§ Task statement:
Starting at the line that contains "新潟市北区N様邸平屋リフォーム後_廊下", print each line exactly through the end of the listing. Skip any pictures and add nothing.

§ Given data:
=====
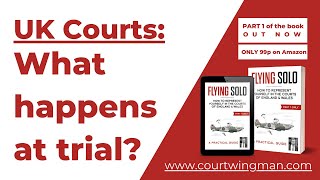 What happens at trial? UK General Litigation & Small Claims Court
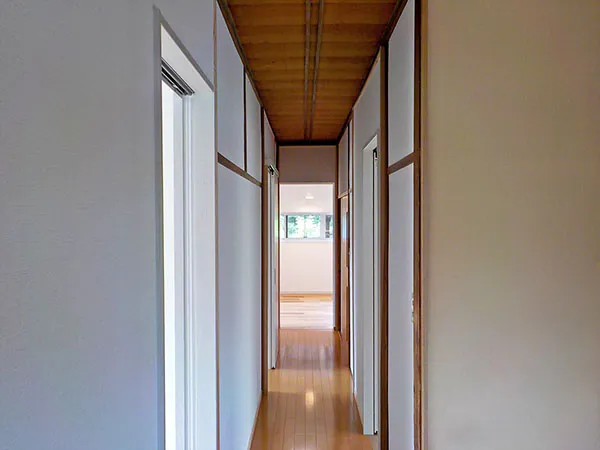 新潟市北区N様邸平屋リフォーム後_廊下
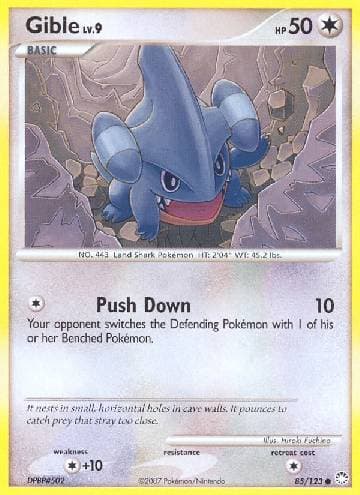Gible 85 — Tesouros Misteriosos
=====
§ Answer to the exercise:
 新潟市北区N様邸平屋リフォーム後_廊下
Gible 85 — Tesouros Misteriosos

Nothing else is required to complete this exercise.